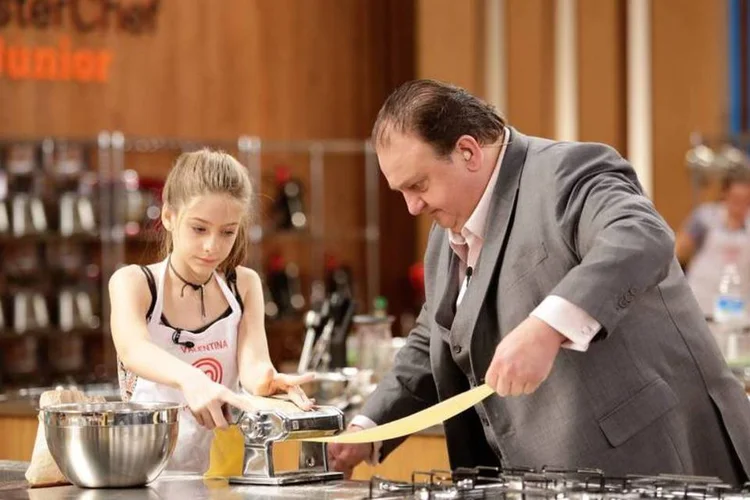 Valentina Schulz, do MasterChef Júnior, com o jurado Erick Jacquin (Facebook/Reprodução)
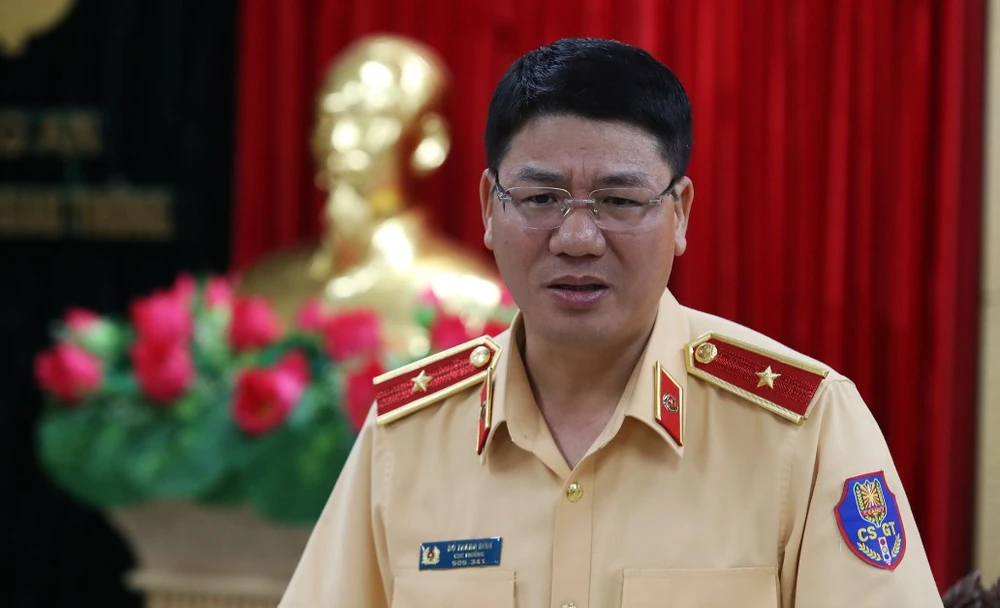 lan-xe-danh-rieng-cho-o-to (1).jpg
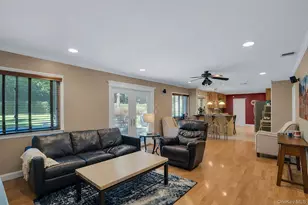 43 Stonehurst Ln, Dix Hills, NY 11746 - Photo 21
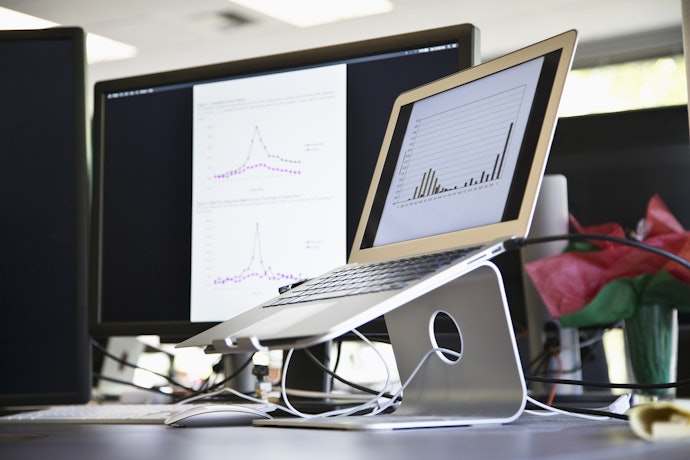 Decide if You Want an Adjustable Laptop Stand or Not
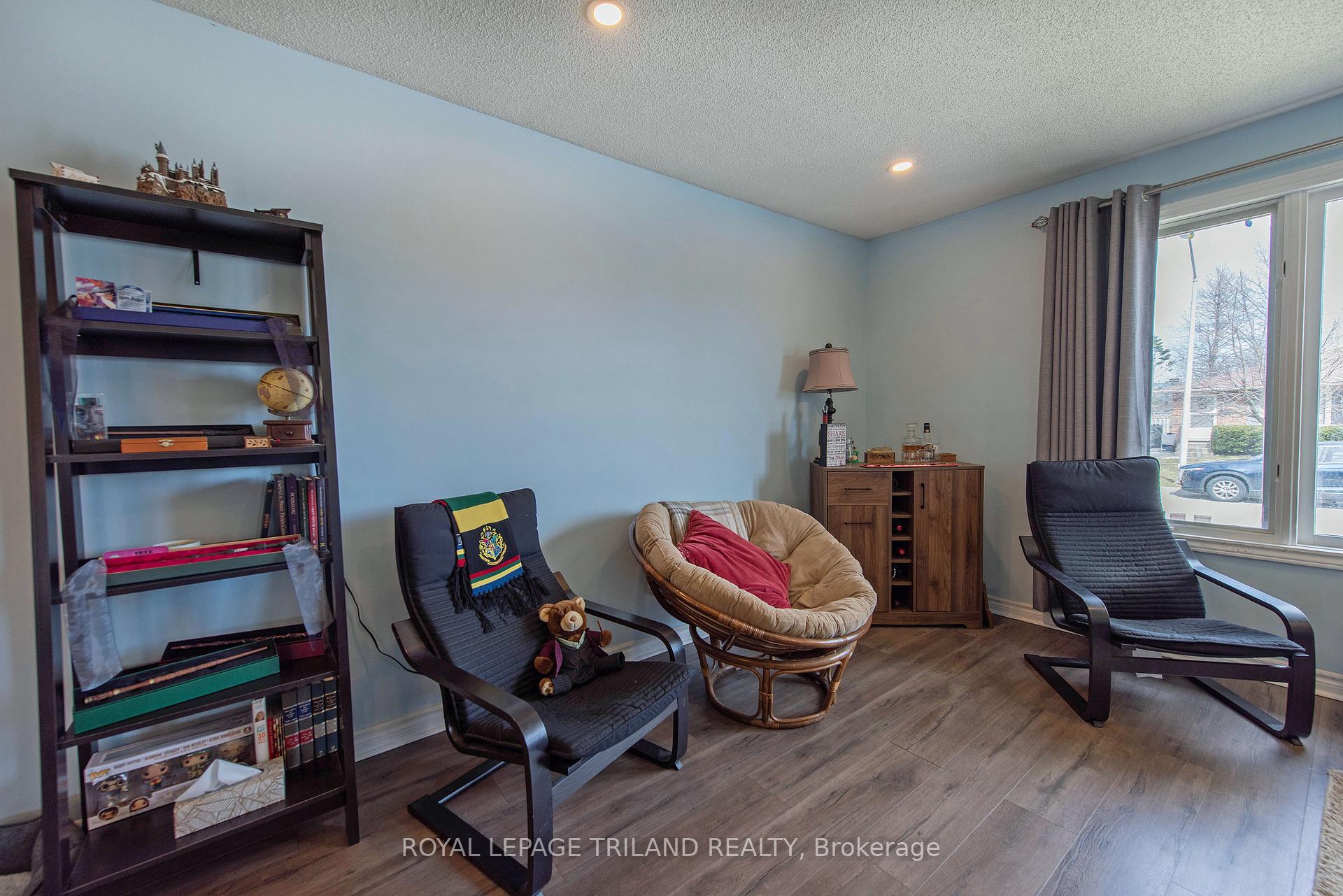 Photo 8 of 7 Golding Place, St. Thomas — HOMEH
:::::
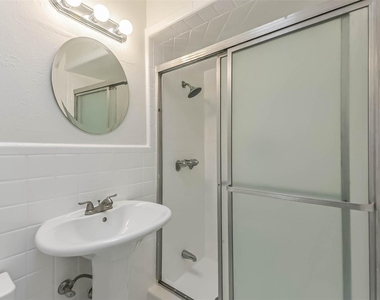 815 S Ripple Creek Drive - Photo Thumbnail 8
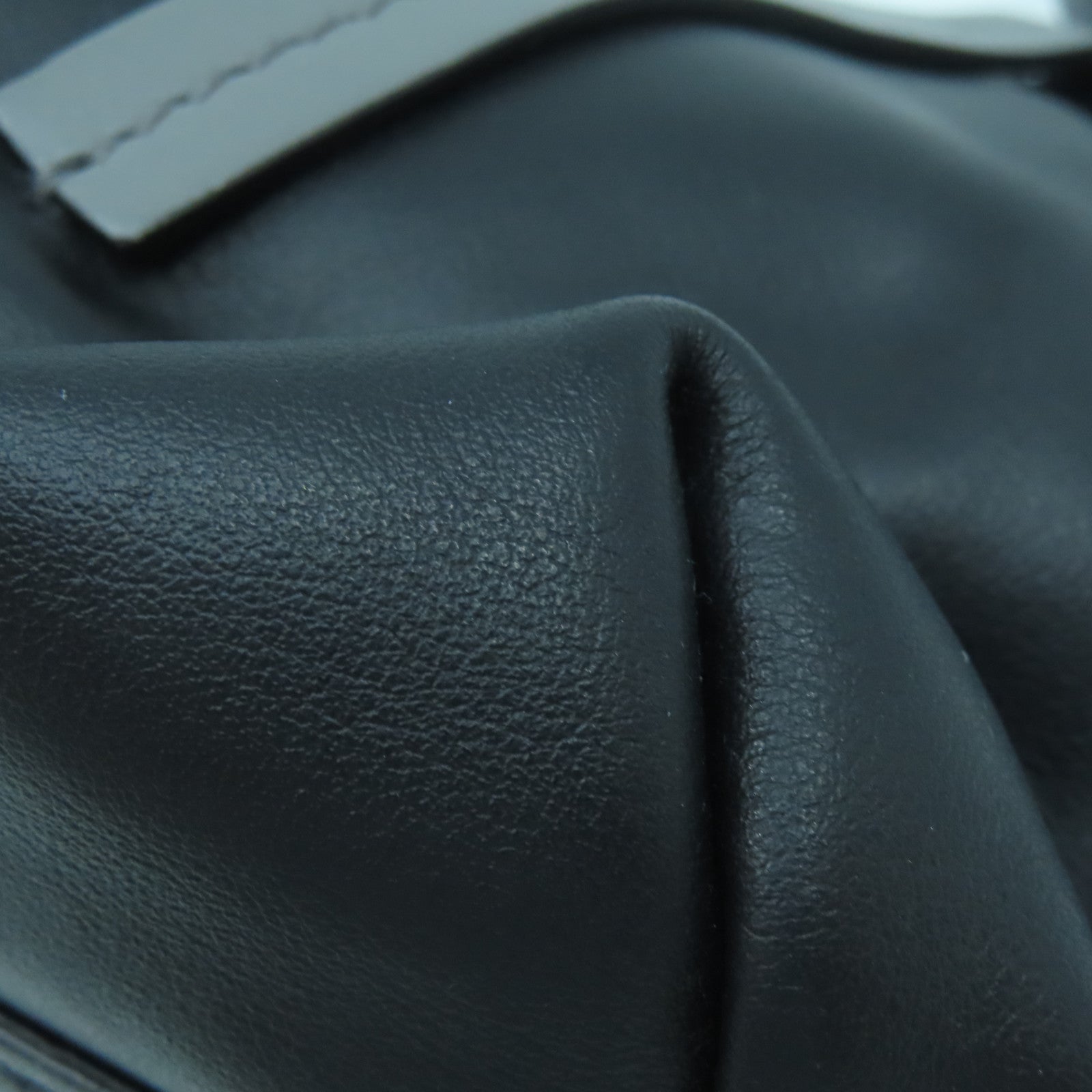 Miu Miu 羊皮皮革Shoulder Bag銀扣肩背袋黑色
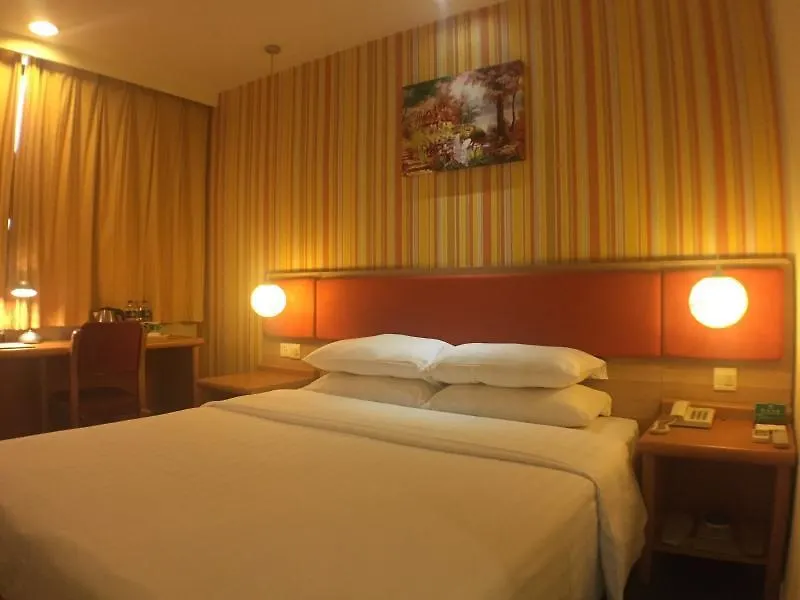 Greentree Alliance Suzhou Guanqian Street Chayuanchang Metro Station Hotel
:::::
_What is expected_
Without the pictures, set down the lines above from the line with "Decide if You" up to and including the line with "Photo 8 of 7" exactly as they stand.

_Problem solution_
 Decide if You Want an Adjustable Laptop Stand or Not
 Photo 8 of 7 Golding Place, St. Thomas — HOMEH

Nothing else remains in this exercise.